__Your instructions__: I would like every record reproduced exactly, with the pictures left out.

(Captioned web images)
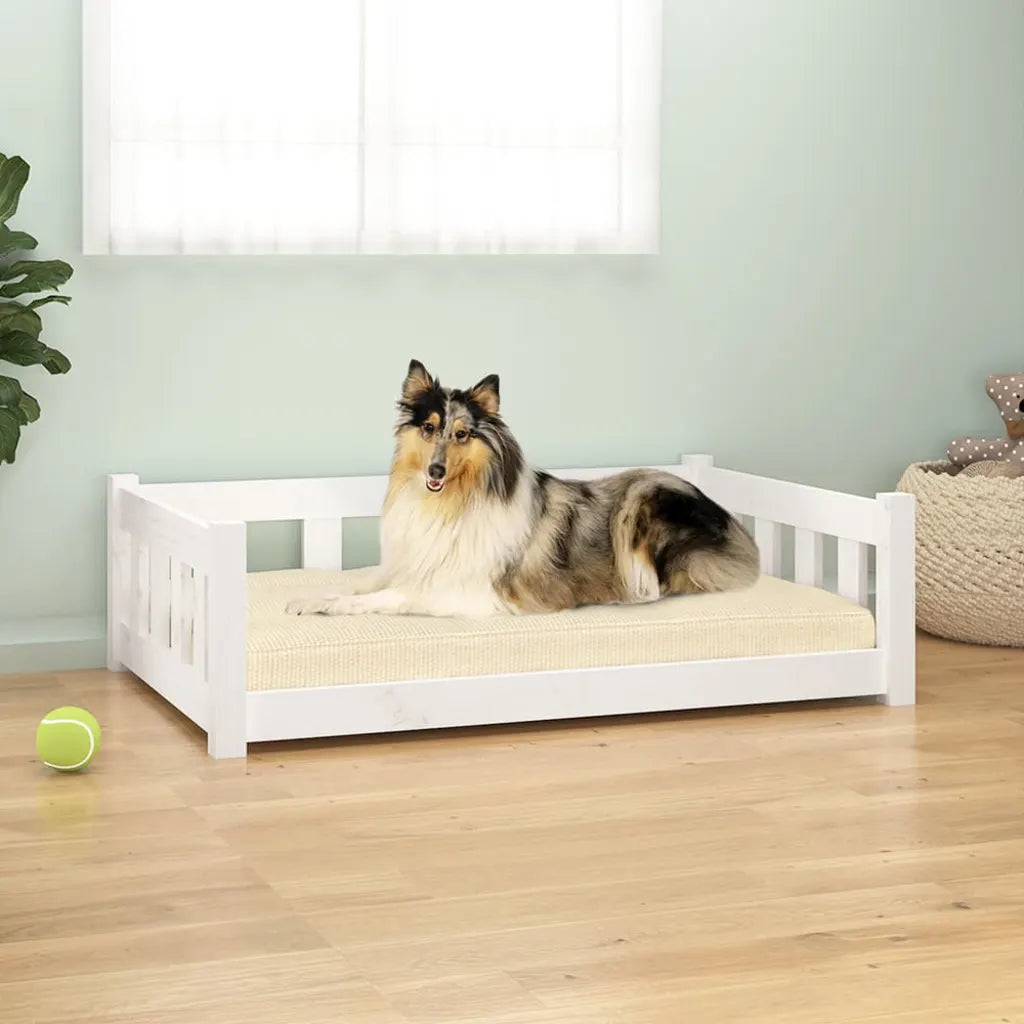 Cuccia per cani 95,5x65,5x28 cm, legno pino, multicolore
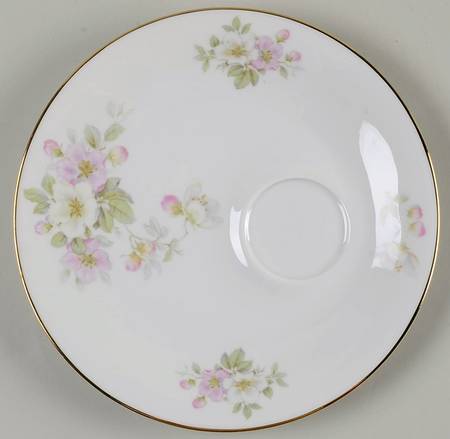 Apple Blossom (White Background) Snack Plate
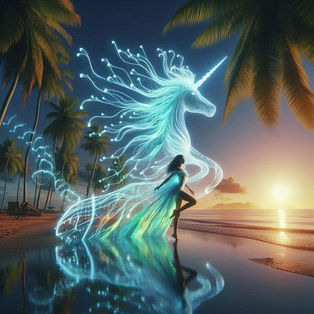 La licorne de Ziltiek : libératrice de la conscience des 7 déesses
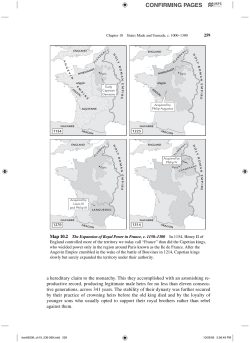 10.2 The Expansion of Royal Power in France, c. 1150-1300
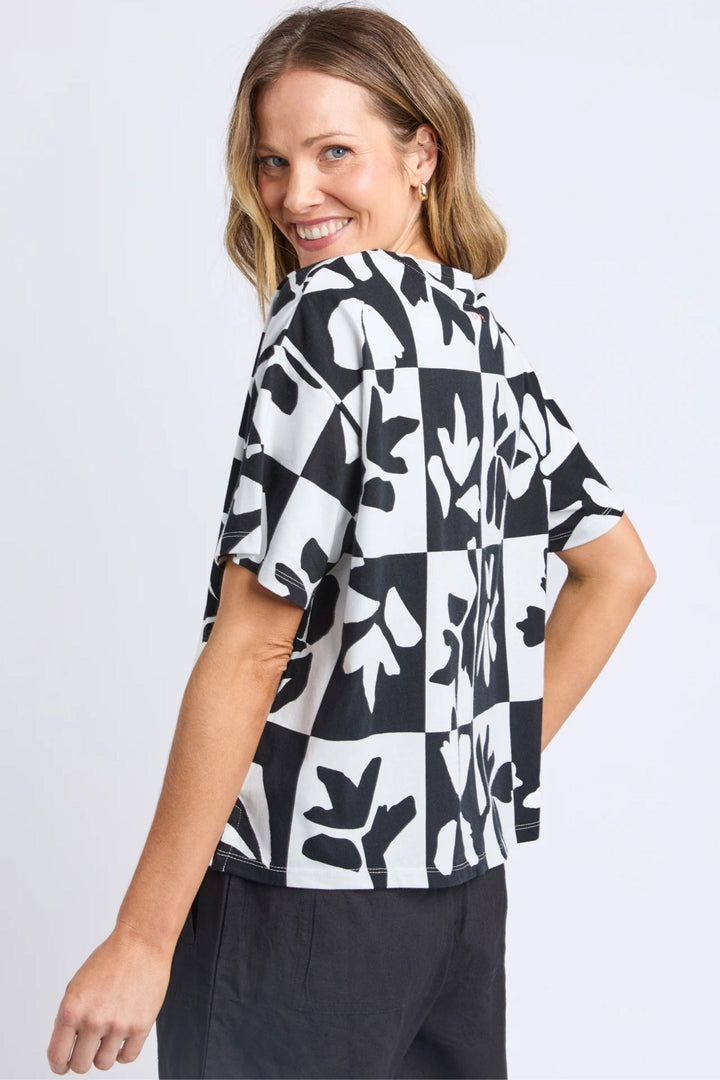 ELM T-SHIRT SPLICE TEE - 8169072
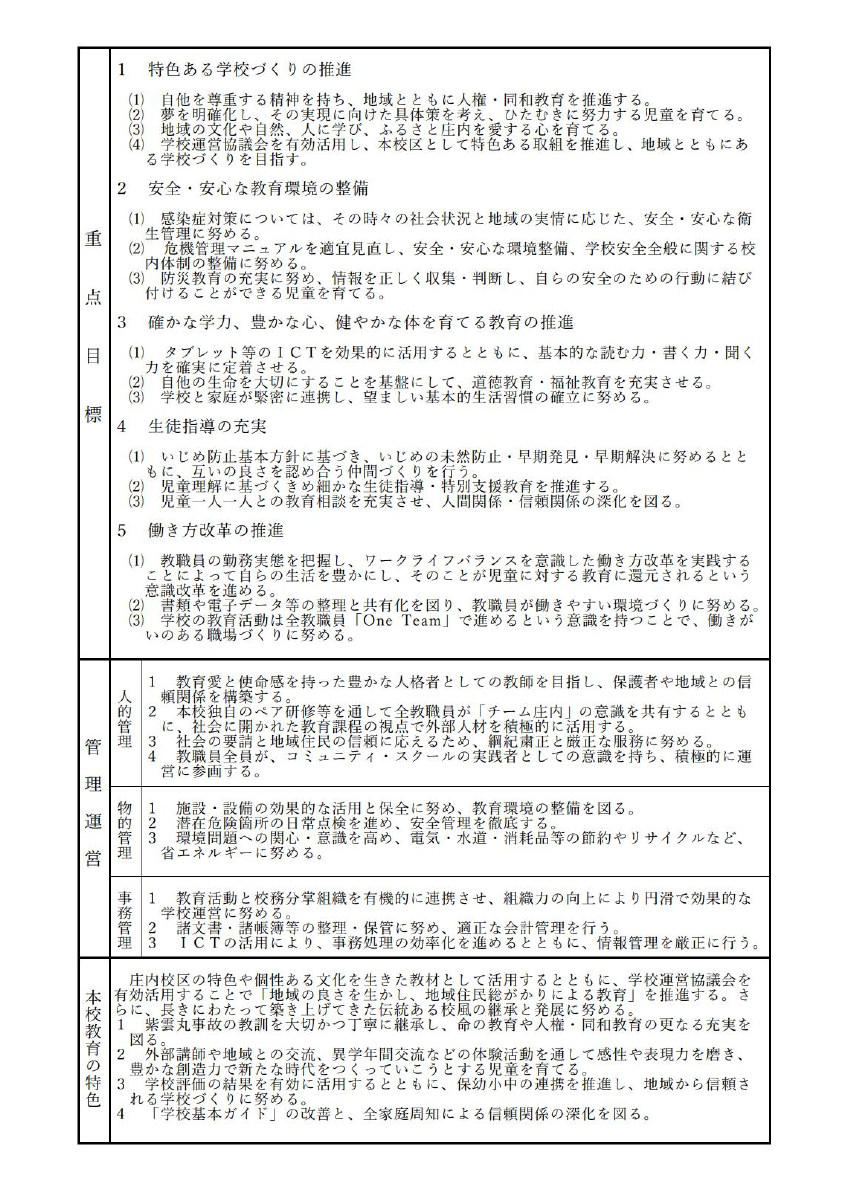 教育計画（裏：ホームページ用）.pdfの1ページ目のサムネイル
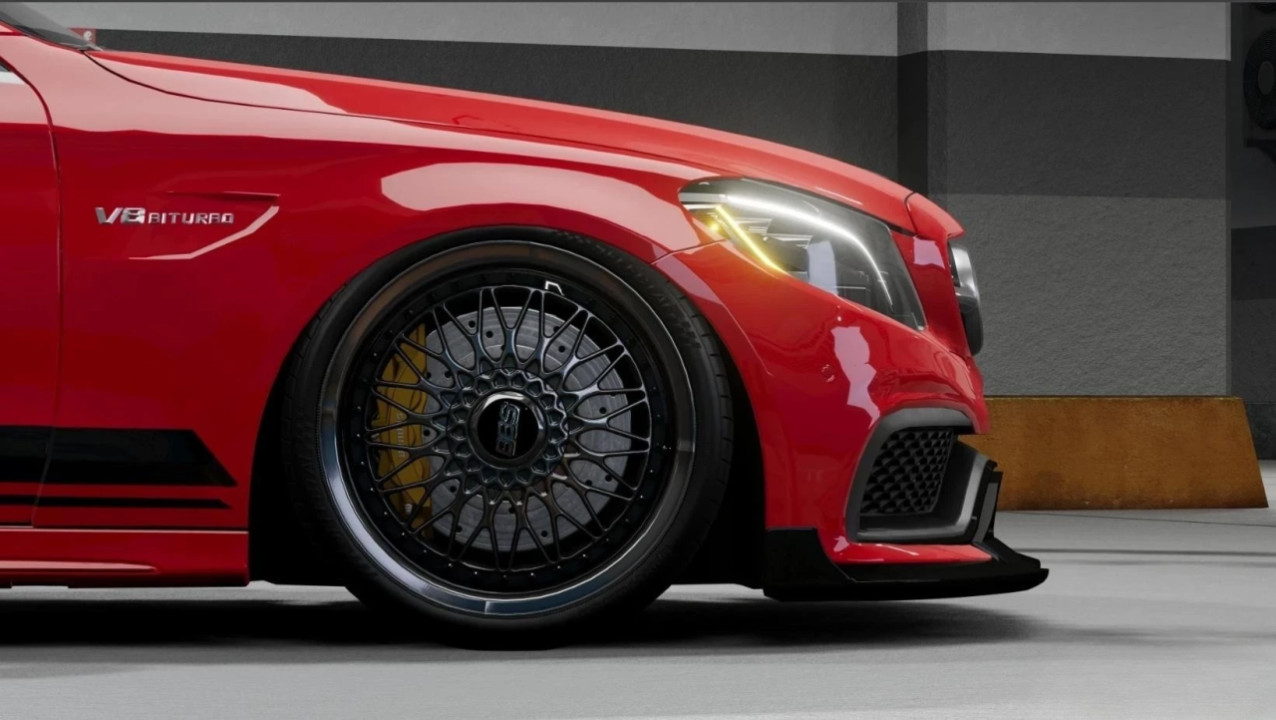 Mercedes Benz AMG V8 C63S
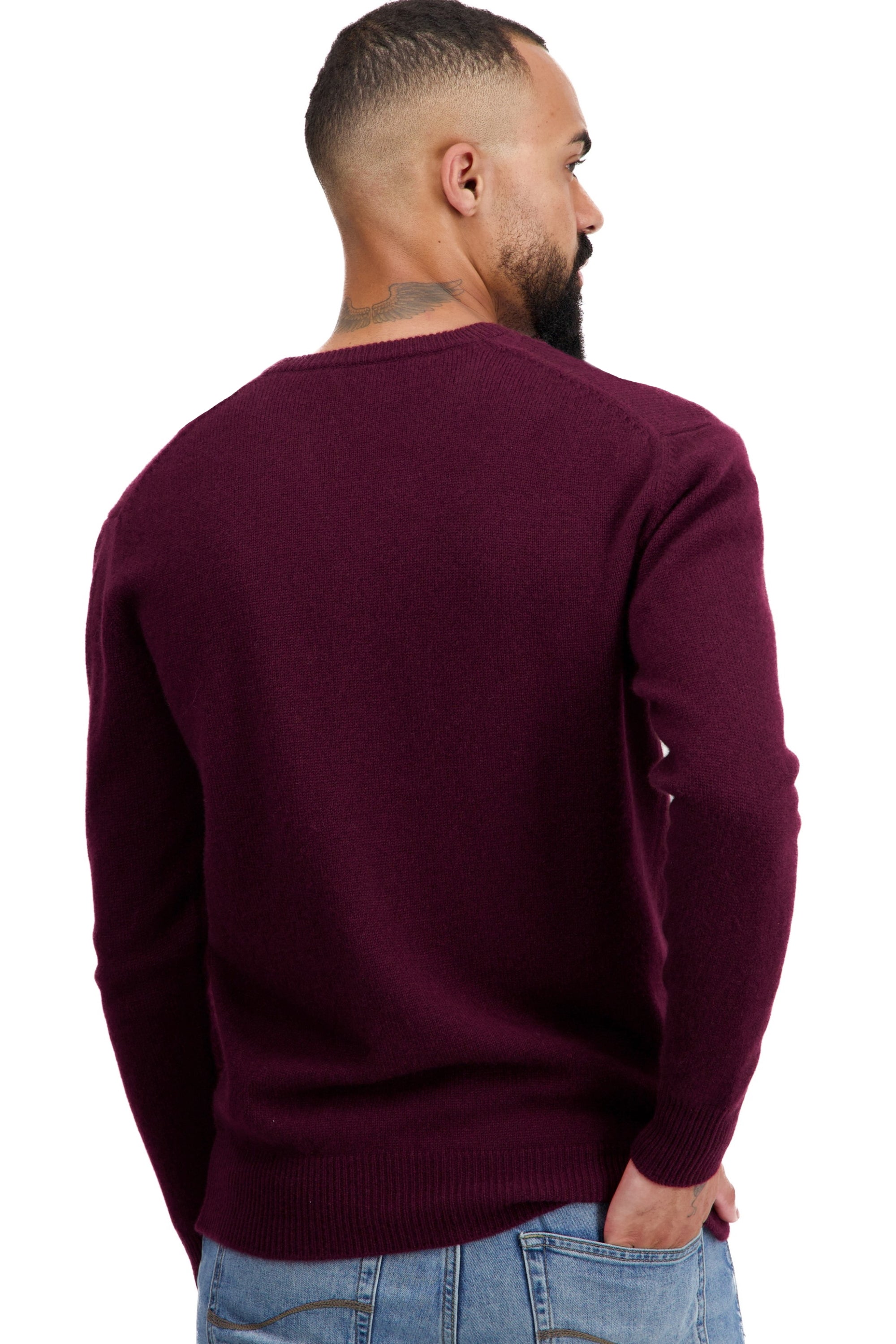Tour en cachemire homme - Vue 2 - bordeaux - Mahogany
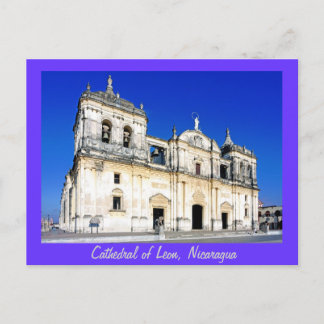 Die Kathedrale von Leon Postkarte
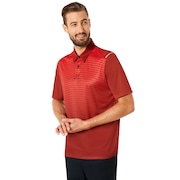 Polo Shirt Short Sleeve Striped Ellipse - Iron Red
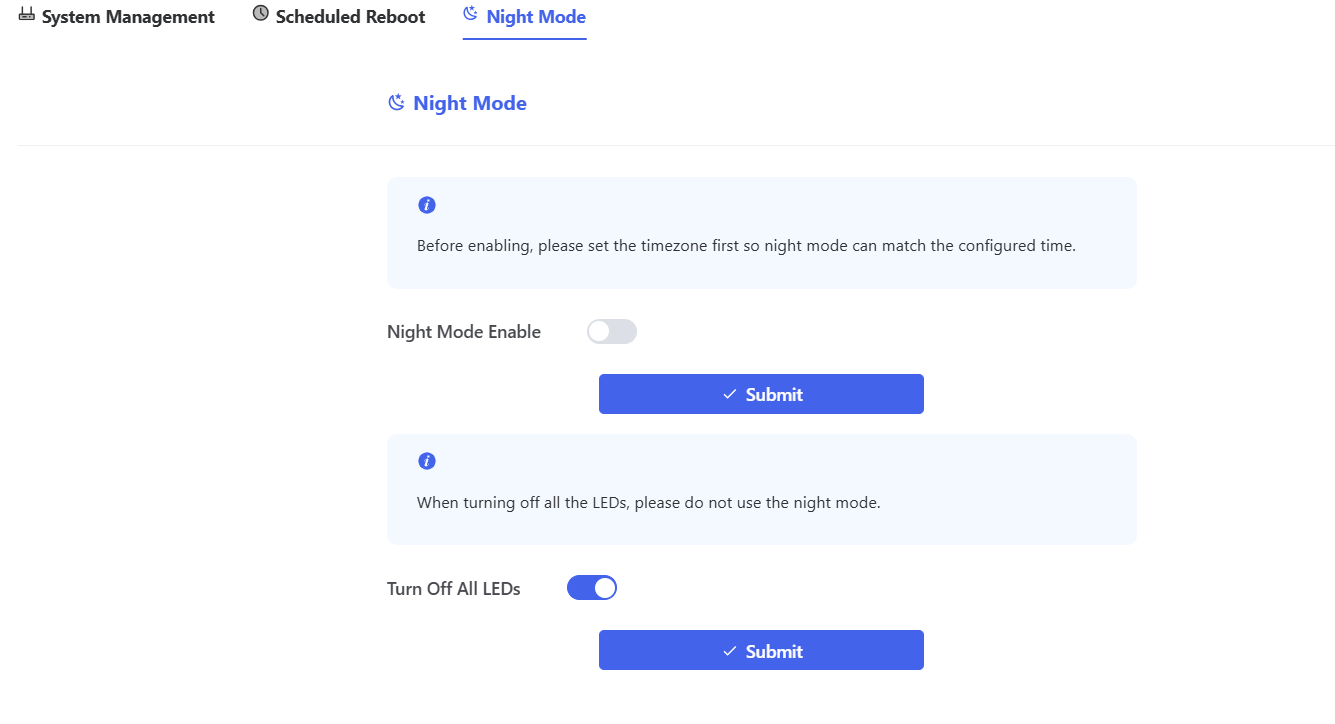How to set up the Night Mode - Step 4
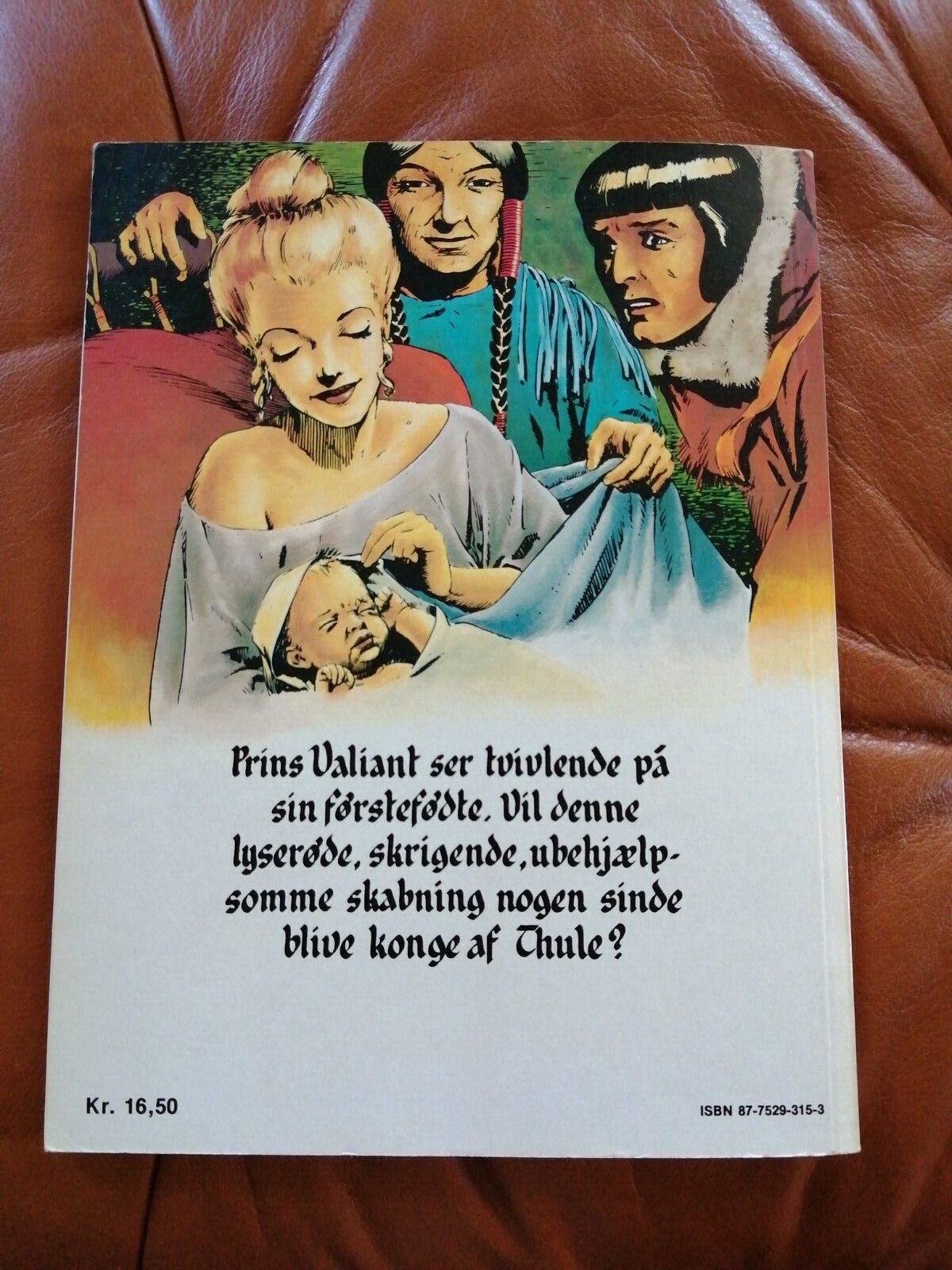 Danish comic book"Prins Valiant på eventyr" No 12Hal RFoster19771st ed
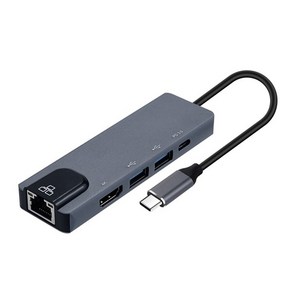 컴스 USB C타입 멀티 도킹 스테이션 허브 FW838, 혼합색상, 1개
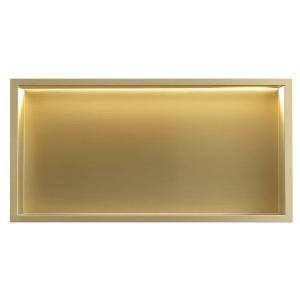 RAFT BAIE INCASTRAT PERETE LED 30x60 brush gold - Img 3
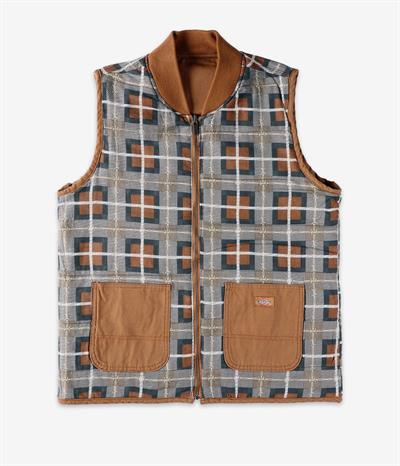 DICKIES X THRASHER LOGO VEST (BROWN DUCK)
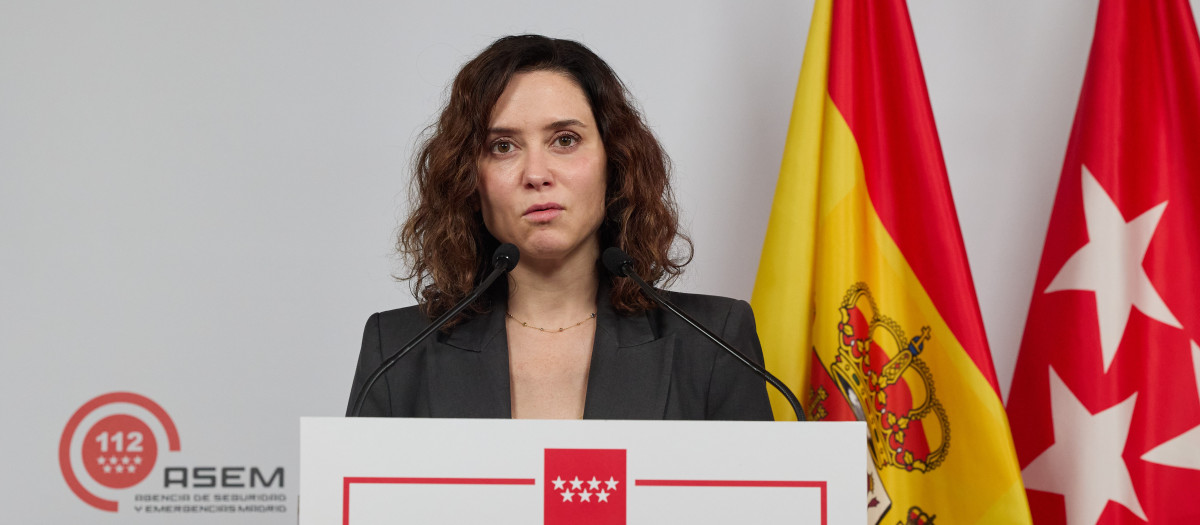 La presidenta de la Comunidad de Madrid, Isabel Díaz Ayuso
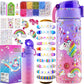 BOOH Decorate Your Own Water Bottle Kits for Girls, Unicorn Dream, BPA Free, Model WY-WB-A, Fun Arts Crafts for Ages 4-12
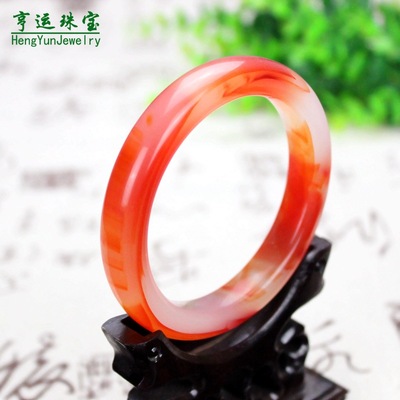 Will pin Jade article gift High imitation Red agate Bracelet Jade vitreous bangle Manufactor 5 yuan Stall Jade article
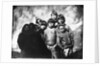 Group portrait of Inuit boys by Edward Augustus Inglefield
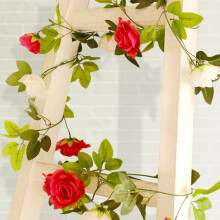 Silk Rose Flower Garland 7 ft x 2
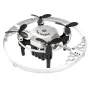 FX-41 AURORA BALL Light Ring 360° Stunt Spin Altitude Hold Mode LED Circle Protection Kids Gifts 2.4G 4CH 6-Axis Remote Control RC Toys Drone Quadcopter RTF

__Output of the task__:
 Cuccia per cani 95,5x65,5x28 cm, legno pino, multicolore
 Apple Blossom (White Background) Snack Plate
 La licorne de Ziltiek : libératrice de la conscience des 7 déesses
 10.2 The Expansion of Royal Power in France, c. 1150-1300
 ELM T-SHIRT SPLICE TEE - 8169072
 教育計画（裏：ホームページ用）.pdfの1ページ目のサムネイル
 Mercedes Benz AMG V8 C63S
Tour en cachemire homme - Vue 2 - bordeaux - Mahogany
 Die Kathedrale von Leon Postkarte
 Polo Shirt Short Sleeve Striped Ellipse - Iron Red
How to set up the Night Mode - Step 4
 Danish comic book"Prins Valiant på eventyr" No 12Hal RFoster19771st ed
 컴스 USB C타입 멀티 도킹 스테이션 허브 FW838, 혼합색상, 1개
 RAFT BAIE INCASTRAT PERETE LED 30x60 brush gold - Img 3
 DICKIES X THRASHER LOGO VEST (BROWN DUCK)
 La presidenta de la Comunidad de Madrid, Isabel Díaz Ayuso
 BOOH Decorate Your Own Water Bottle Kits for Girls, Unicorn Dream, BPA Free, Model WY-WB-A, Fun Arts Crafts for Ages 4-12
 Will pin Jade article gift High imitation Red agate Bracelet Jade vitreous bangle Manufactor 5 yuan Stall Jade article
 Group portrait of Inuit boys by Edward Augustus Inglefield
 Silk Rose Flower Garland 7 ft x 2
 FX-41 AURORA BALL Light Ring 360° Stunt Spin Altitude Hold Mode LED Circle Protection Kids Gifts 2.4G 4CH 6-Axis Remote Control RC Toys Drone Quadcopter RTF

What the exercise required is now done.